Print exactly the lines below between the line containing "In fact, Susan's" and the line containing "Take this vehicle", counting both of those lines. Leave pictures out.

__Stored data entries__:
* * * *

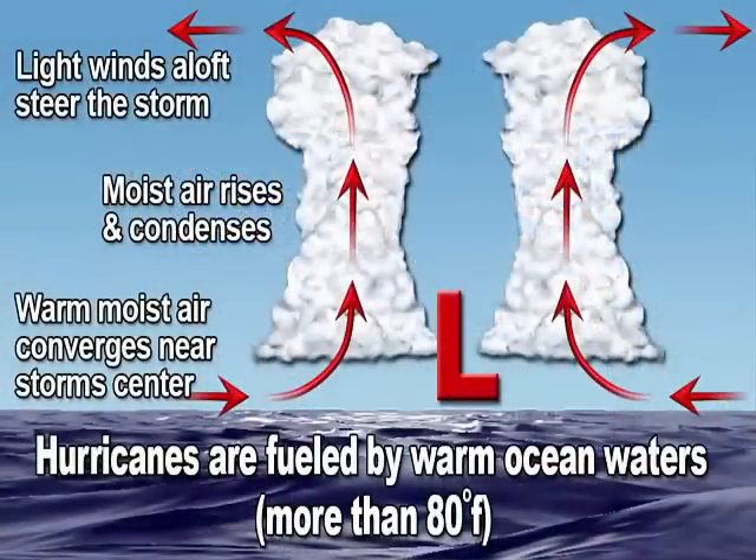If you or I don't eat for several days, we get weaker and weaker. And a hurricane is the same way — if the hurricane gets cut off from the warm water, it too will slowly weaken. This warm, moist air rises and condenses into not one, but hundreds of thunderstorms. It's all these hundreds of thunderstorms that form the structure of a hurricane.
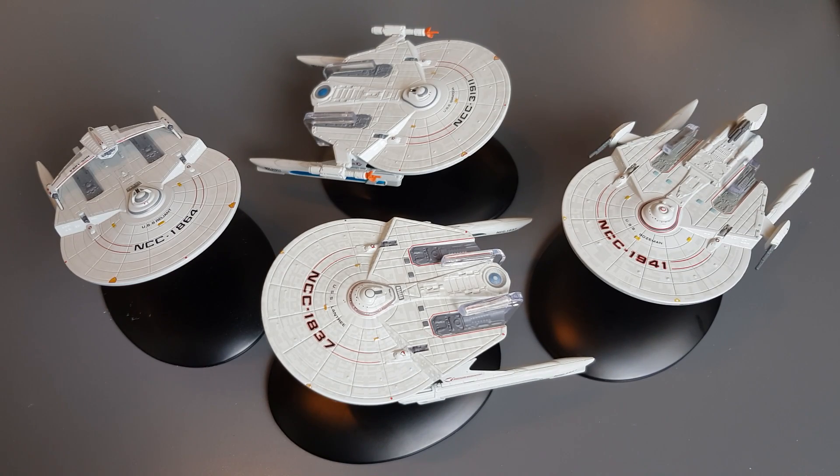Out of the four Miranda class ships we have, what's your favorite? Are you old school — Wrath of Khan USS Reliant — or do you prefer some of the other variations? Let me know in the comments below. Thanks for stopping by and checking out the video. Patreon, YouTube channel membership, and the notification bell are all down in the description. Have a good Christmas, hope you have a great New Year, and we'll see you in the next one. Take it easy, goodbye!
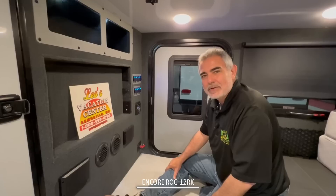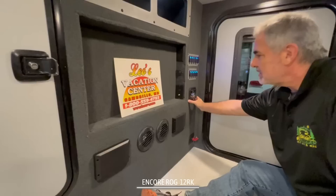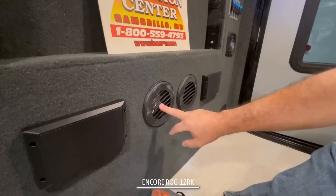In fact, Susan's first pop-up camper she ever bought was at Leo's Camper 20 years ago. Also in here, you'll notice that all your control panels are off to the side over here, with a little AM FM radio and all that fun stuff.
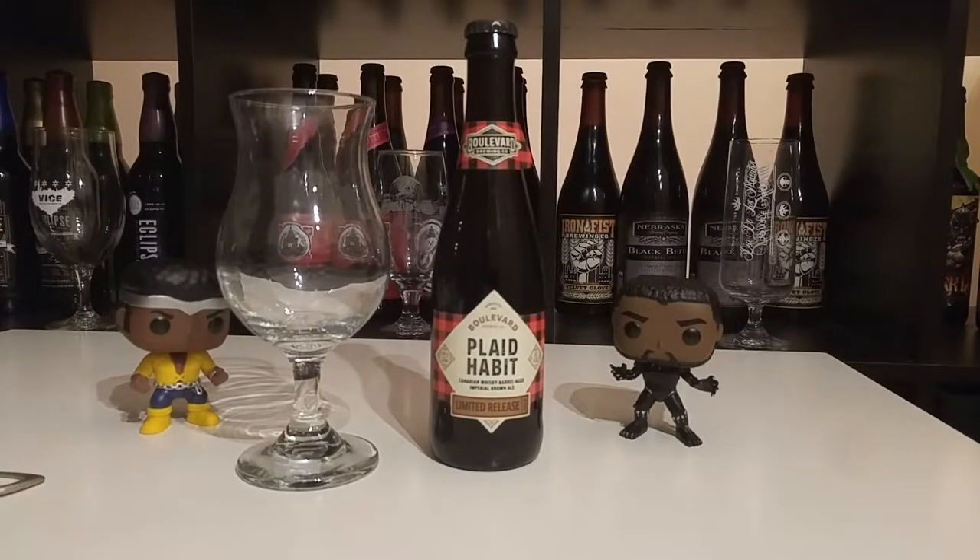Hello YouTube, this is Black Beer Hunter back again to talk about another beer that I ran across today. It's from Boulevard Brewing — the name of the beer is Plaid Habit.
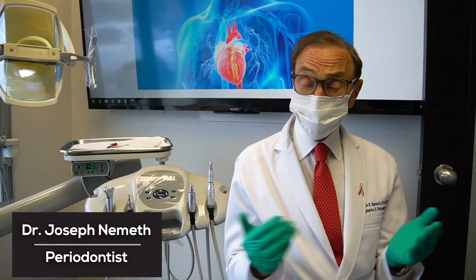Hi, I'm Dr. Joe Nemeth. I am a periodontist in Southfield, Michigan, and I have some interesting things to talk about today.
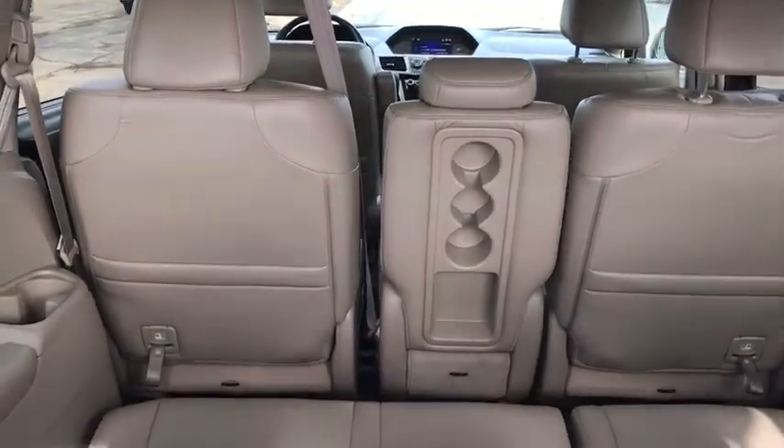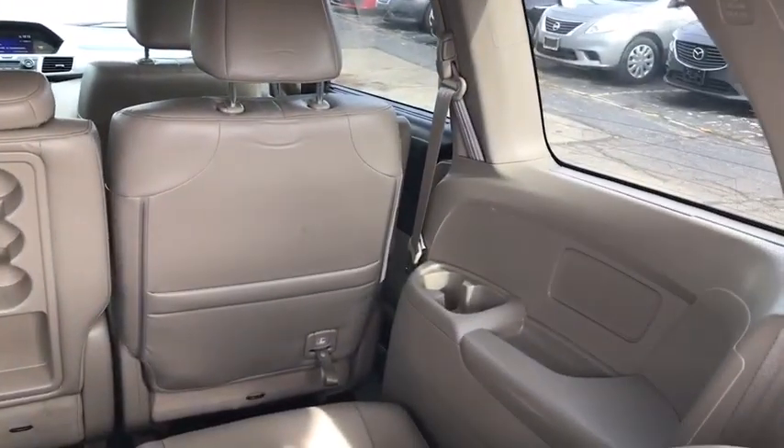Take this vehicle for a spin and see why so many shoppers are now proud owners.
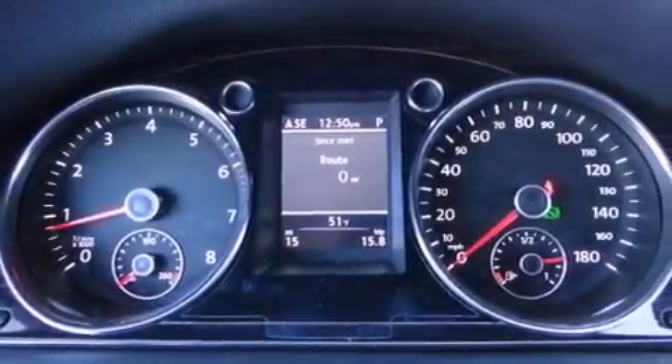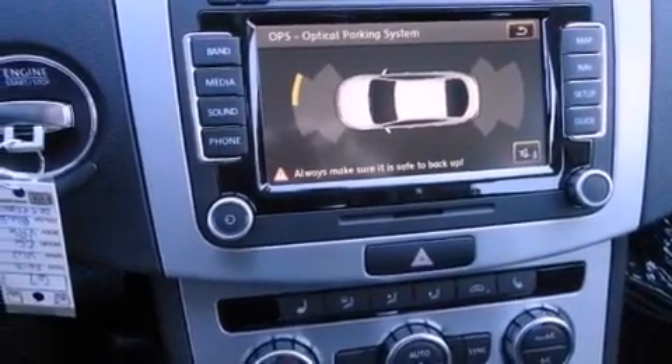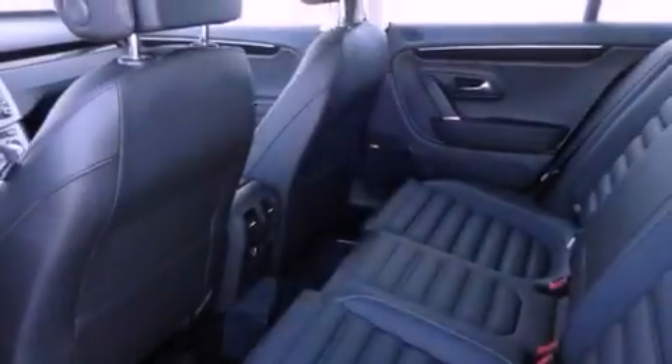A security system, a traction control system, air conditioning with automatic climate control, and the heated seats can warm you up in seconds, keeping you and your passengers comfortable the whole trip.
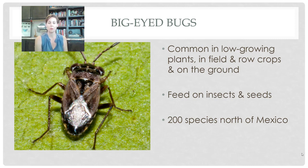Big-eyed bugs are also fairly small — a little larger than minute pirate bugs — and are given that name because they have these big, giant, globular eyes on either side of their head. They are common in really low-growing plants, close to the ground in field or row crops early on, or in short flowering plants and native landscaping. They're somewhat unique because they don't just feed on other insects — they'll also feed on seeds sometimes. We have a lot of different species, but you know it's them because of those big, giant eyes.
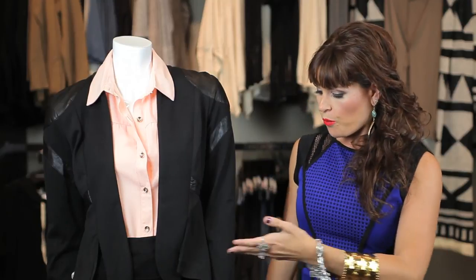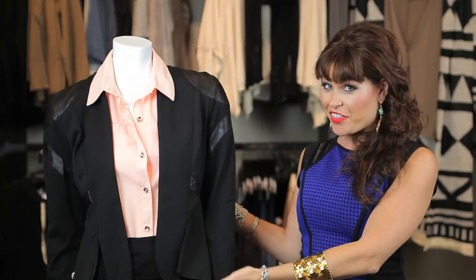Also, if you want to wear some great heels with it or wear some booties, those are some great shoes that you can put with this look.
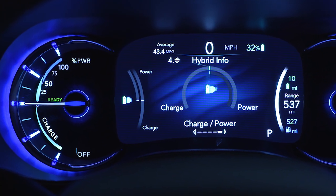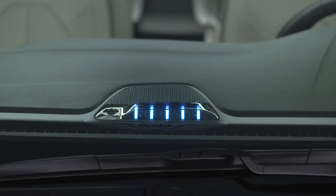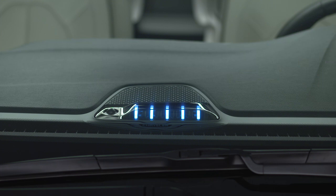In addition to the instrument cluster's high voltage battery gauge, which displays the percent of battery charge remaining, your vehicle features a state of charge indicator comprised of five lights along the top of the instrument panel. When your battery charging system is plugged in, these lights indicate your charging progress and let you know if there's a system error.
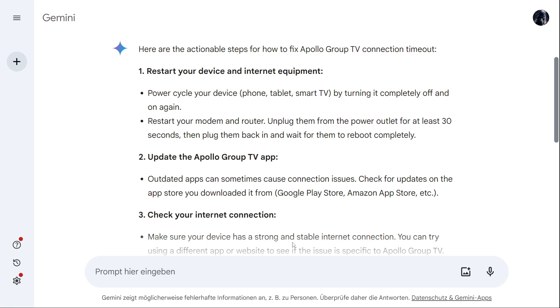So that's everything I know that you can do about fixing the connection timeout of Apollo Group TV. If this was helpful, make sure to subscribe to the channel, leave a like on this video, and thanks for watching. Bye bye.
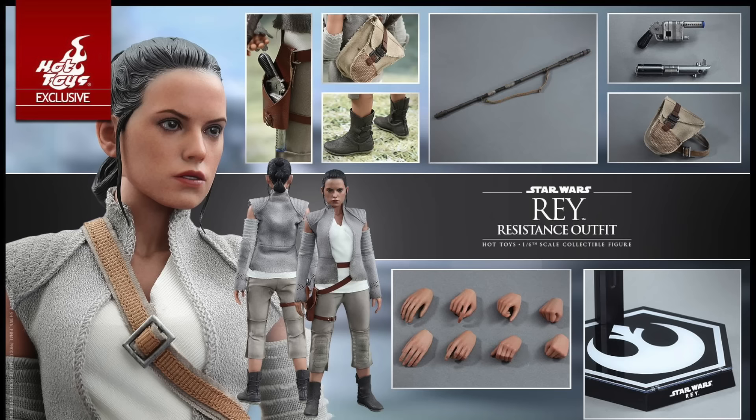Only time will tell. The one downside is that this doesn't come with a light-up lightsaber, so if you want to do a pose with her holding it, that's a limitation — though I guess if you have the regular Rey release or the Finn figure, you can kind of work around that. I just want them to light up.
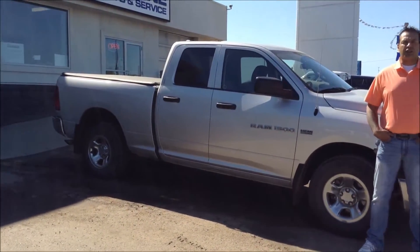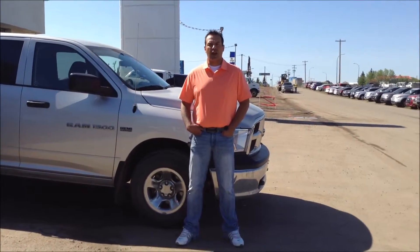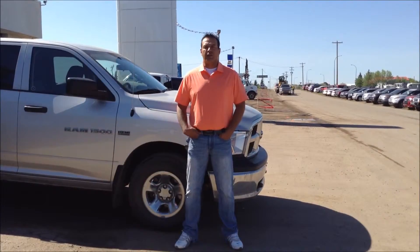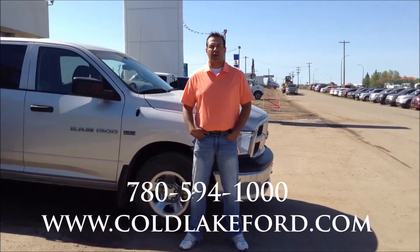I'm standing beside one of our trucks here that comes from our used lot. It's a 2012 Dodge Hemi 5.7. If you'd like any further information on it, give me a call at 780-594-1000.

* * * *

__Your response__:
In fact, Susan's first pop-up camper she ever bought was at Leo's Camper 20 years ago. Also in here, you'll notice that all your control panels are off to the side over here, with a little AM FM radio and all that fun stuff.
Hello YouTube, this is Black Beer Hunter back again to talk about another beer that I ran across today. It's from Boulevard Brewing — the name of the beer is Plaid Habit.
Hi, I'm Dr. Joe Nemeth. I am a periodontist in Southfield, Michigan, and I have some interesting things to talk about today.
Take this vehicle for a spin and see why so many shoppers are now proud owners.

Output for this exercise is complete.